Beer, babes, beaches and butts - 'getting naked', as he says, is a crucial part of the artistic process for this Brooklyn-based artist. A rising star on the New York art scene, Todd Bienvenu was born in Little Rock, Arkansas in 1980. Sex, hedonism and humour pervade his autobiographical paintings. In our interview, we discuss the subconscious process of his painting, unlearning what he was taught at art school and 'chasing the horizon'.

Mama Don't Let Your Babies. Todd Bienvenu. 2016.

When did you first realise that creating was something you absolutely had to do?

I think it was always part of me. My Mom has a story of me when I was little. I was my Mom’s first kid and she says that she didn’t know that my kid drawings were anything special, until I got to kindergarten and the teacher told her I was gifted artistically. She thought all kids drew the way I did.

Dive. Todd Bienvenu. 2015

Would you say that you were self-taught?

I have a Bachelor of Fine Arts in painting from Louisiana State University and then went to the New York Studio School, so I have seven years' of studio arts training.
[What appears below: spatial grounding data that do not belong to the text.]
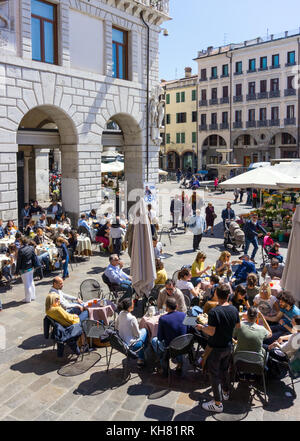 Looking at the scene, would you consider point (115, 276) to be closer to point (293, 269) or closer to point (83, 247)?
point (293, 269)

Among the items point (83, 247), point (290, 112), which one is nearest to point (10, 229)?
point (83, 247)

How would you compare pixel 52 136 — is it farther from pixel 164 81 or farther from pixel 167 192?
pixel 164 81

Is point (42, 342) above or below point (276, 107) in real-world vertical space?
below

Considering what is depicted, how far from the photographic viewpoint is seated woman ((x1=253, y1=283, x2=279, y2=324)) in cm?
735

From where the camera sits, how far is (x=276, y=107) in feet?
152

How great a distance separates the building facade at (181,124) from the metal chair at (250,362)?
159 ft

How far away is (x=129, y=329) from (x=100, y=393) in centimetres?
107

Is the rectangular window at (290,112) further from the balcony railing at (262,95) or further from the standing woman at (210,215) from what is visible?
the standing woman at (210,215)

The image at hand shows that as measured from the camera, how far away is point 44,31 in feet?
54.9

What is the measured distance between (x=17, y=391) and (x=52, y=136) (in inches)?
551

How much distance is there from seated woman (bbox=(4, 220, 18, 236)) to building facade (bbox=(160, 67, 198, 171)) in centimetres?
4041

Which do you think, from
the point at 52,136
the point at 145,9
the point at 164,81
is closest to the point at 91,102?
the point at 52,136

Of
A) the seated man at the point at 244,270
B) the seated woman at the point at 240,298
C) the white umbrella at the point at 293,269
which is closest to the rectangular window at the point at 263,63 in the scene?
the seated man at the point at 244,270

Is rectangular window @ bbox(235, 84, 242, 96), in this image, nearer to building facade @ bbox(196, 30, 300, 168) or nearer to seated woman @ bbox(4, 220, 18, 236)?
building facade @ bbox(196, 30, 300, 168) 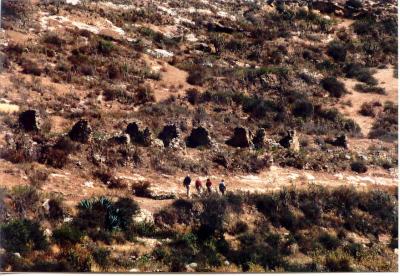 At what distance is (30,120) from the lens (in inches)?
869

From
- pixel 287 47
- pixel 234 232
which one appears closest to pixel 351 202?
pixel 234 232

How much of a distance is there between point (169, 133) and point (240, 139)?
4323 millimetres

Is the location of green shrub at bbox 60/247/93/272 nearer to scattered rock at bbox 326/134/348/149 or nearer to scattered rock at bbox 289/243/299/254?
scattered rock at bbox 289/243/299/254

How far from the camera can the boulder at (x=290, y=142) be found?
27.3 meters

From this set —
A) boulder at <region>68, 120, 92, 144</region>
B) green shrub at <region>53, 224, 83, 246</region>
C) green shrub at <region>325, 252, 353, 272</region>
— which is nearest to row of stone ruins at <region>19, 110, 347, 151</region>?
boulder at <region>68, 120, 92, 144</region>

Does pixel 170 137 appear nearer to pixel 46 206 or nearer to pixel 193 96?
pixel 193 96

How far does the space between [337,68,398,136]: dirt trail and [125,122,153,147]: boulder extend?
17867mm

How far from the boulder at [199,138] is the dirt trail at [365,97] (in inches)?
563

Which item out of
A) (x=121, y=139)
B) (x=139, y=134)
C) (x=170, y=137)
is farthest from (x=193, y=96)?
(x=121, y=139)

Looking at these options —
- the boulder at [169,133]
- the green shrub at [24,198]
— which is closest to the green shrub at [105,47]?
the boulder at [169,133]

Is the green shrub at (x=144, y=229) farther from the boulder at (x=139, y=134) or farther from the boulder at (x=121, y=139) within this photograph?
the boulder at (x=139, y=134)

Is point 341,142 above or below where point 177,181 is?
above

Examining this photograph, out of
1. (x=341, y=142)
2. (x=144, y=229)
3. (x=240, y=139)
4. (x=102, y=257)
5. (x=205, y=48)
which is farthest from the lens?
(x=205, y=48)

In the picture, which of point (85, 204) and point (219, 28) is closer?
point (85, 204) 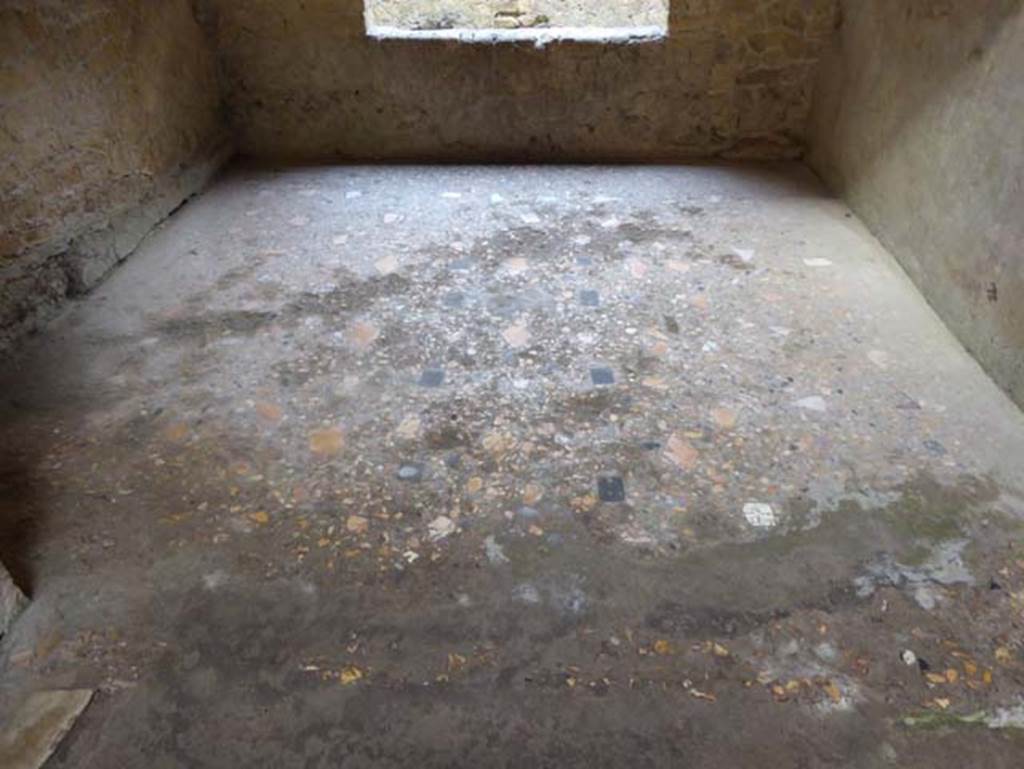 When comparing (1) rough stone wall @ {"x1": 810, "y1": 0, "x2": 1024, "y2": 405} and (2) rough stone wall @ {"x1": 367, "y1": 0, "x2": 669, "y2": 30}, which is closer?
(1) rough stone wall @ {"x1": 810, "y1": 0, "x2": 1024, "y2": 405}

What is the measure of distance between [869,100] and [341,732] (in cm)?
329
Having said that, I’m not sure that art school can teach you to be an artist. If you listen too well, you become an acolyte. It does introduce you to working artists; it also compresses the time and builds a network of peers. But I think all artists are self-taught. I tried to forget what I learned.

Stargazer. Todd Bienvenu. 2016.

Did you try your hand at any other jobs, before becoming an artist?
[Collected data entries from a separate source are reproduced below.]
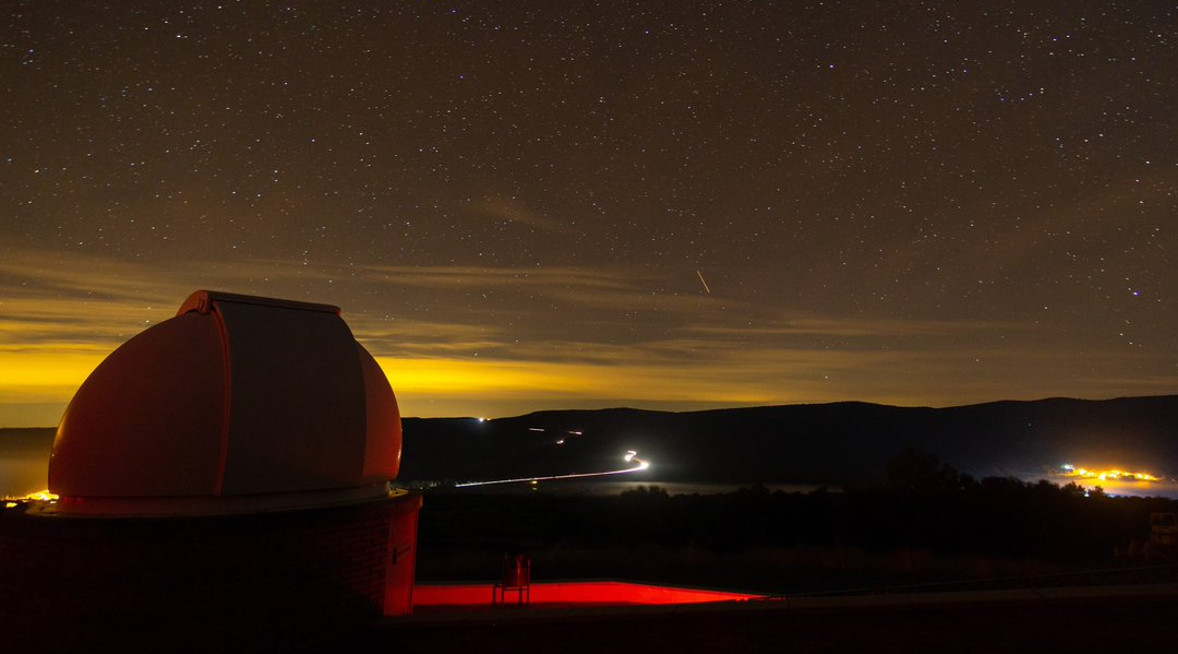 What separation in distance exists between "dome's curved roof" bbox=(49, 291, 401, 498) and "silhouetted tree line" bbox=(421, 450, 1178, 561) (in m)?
15.0

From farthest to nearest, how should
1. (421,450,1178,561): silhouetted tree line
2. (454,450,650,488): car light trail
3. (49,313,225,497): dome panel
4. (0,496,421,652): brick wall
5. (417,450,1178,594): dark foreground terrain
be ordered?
(454,450,650,488): car light trail < (421,450,1178,561): silhouetted tree line < (417,450,1178,594): dark foreground terrain < (49,313,225,497): dome panel < (0,496,421,652): brick wall

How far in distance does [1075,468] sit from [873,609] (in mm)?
67012

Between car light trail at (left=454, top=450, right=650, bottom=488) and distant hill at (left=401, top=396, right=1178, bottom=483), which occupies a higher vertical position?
distant hill at (left=401, top=396, right=1178, bottom=483)

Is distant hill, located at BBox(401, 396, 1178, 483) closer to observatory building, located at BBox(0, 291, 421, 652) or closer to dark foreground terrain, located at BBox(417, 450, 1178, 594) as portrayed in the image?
dark foreground terrain, located at BBox(417, 450, 1178, 594)

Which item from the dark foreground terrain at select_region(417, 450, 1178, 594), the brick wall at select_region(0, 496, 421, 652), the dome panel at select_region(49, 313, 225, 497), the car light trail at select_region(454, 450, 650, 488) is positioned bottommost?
the car light trail at select_region(454, 450, 650, 488)

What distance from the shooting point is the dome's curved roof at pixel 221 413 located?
5.41 meters

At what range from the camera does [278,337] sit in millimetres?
6195

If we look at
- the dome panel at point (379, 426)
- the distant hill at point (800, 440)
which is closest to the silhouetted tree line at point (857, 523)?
the dome panel at point (379, 426)

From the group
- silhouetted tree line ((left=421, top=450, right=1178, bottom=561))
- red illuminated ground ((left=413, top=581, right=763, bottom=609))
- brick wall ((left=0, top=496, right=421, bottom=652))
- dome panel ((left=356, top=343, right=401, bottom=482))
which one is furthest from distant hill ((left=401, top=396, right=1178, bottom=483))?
brick wall ((left=0, top=496, right=421, bottom=652))

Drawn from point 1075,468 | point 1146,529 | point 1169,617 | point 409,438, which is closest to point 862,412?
point 1075,468

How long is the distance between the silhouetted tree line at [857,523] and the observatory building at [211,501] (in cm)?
1495

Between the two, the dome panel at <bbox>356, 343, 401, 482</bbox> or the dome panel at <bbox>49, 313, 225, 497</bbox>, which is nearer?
the dome panel at <bbox>49, 313, 225, 497</bbox>

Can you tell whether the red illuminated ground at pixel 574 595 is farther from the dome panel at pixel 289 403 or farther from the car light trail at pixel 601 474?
the car light trail at pixel 601 474

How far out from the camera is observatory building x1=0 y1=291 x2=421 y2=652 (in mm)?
5023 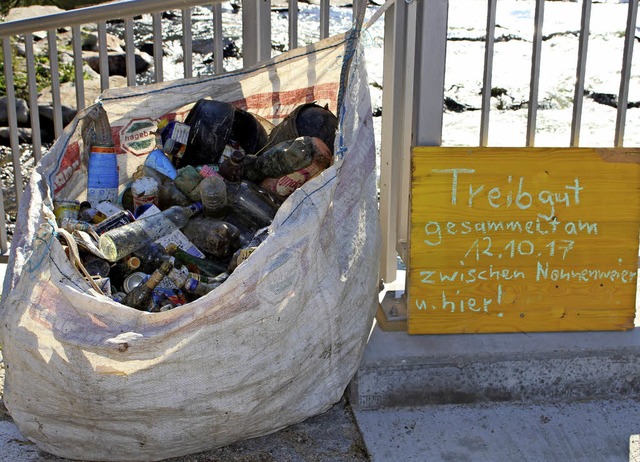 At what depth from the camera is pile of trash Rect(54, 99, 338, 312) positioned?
239 cm

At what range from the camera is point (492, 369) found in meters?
2.40

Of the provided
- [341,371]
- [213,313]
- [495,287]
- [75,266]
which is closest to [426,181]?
[495,287]

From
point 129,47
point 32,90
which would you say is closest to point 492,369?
point 129,47

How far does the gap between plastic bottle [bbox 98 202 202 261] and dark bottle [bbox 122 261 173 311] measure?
0.17 metres

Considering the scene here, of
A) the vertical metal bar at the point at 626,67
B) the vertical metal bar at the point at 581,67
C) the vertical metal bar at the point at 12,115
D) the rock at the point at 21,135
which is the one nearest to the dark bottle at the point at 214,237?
the vertical metal bar at the point at 12,115

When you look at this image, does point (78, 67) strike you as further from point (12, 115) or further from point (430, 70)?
point (430, 70)

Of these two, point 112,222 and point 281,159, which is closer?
point 112,222

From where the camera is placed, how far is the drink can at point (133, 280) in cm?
237

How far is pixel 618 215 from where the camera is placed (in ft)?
8.08

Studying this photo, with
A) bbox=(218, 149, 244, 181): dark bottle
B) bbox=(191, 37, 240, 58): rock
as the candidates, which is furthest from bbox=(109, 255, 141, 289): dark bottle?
bbox=(191, 37, 240, 58): rock

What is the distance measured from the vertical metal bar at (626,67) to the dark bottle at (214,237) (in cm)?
129

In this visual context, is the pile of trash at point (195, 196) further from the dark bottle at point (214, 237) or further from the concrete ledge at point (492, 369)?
the concrete ledge at point (492, 369)

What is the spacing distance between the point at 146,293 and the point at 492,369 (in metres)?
1.07

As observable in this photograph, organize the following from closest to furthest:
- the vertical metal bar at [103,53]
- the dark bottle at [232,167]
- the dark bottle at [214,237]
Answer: the dark bottle at [214,237] → the dark bottle at [232,167] → the vertical metal bar at [103,53] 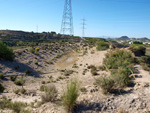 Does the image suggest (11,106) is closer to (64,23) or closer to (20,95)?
(20,95)

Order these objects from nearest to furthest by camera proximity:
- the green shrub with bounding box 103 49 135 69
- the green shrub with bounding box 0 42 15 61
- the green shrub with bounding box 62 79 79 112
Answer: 1. the green shrub with bounding box 62 79 79 112
2. the green shrub with bounding box 103 49 135 69
3. the green shrub with bounding box 0 42 15 61

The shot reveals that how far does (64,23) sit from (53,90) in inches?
1560

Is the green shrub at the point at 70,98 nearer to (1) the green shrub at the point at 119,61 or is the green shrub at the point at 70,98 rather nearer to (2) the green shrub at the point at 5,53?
(1) the green shrub at the point at 119,61

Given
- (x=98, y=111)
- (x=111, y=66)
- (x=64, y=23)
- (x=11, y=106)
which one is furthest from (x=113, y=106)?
(x=64, y=23)

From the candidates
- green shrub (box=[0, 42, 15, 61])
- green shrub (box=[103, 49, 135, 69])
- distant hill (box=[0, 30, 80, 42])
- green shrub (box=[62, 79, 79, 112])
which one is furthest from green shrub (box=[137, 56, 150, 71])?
distant hill (box=[0, 30, 80, 42])

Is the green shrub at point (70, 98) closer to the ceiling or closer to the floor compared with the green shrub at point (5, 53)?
closer to the floor

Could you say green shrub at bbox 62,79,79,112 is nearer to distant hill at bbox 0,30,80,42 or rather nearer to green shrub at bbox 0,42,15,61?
green shrub at bbox 0,42,15,61

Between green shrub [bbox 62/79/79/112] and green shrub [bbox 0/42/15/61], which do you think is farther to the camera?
green shrub [bbox 0/42/15/61]

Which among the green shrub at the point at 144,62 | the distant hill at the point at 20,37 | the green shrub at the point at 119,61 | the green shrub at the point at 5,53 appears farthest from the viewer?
the distant hill at the point at 20,37

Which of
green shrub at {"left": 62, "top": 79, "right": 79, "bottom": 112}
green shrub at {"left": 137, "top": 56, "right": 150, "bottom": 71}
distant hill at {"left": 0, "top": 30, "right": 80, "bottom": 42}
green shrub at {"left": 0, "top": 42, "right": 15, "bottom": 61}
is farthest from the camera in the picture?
distant hill at {"left": 0, "top": 30, "right": 80, "bottom": 42}

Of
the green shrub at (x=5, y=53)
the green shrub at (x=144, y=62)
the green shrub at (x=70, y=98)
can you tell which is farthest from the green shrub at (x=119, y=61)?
the green shrub at (x=5, y=53)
I’m intentionally unemployable - I don’t want a plan B. Over the years, I’ve worked at Jiffy Lube, waited tables, delivered pizza, fabricated window displays for high-end fashion, built furniture... I don’t enjoy working for someone else, so I try really hard not to.

Nap Time. Todd Bienvenu. 2016.

Would you say that your work is autobiographical?

Yes, totally.

Is it important to you to make yourself completely vulnerable when creating your paintings, even if it may be a struggle to do so?

It’s only important to get naked if you want the paintings to be any good. It’d be a greater struggle to make crappy paintings than to get vulnerable. I don’t enjoy going to my art openings - that’s when the vulnerability sucks.

Backseat. Todd Bienvenu. 2013.

What are you currently inspired by and how is it feeding into your work?

I have a few themes going through the work right now. Butts and shadows might be the most obvious ones. I keep having ideas that deal with one or both of them. When I put a shadow on a butt for the first time, it was very exciting.

Shadow Butt. Todd Bienvenu. 2016.

How do you think your painting has evolved over time?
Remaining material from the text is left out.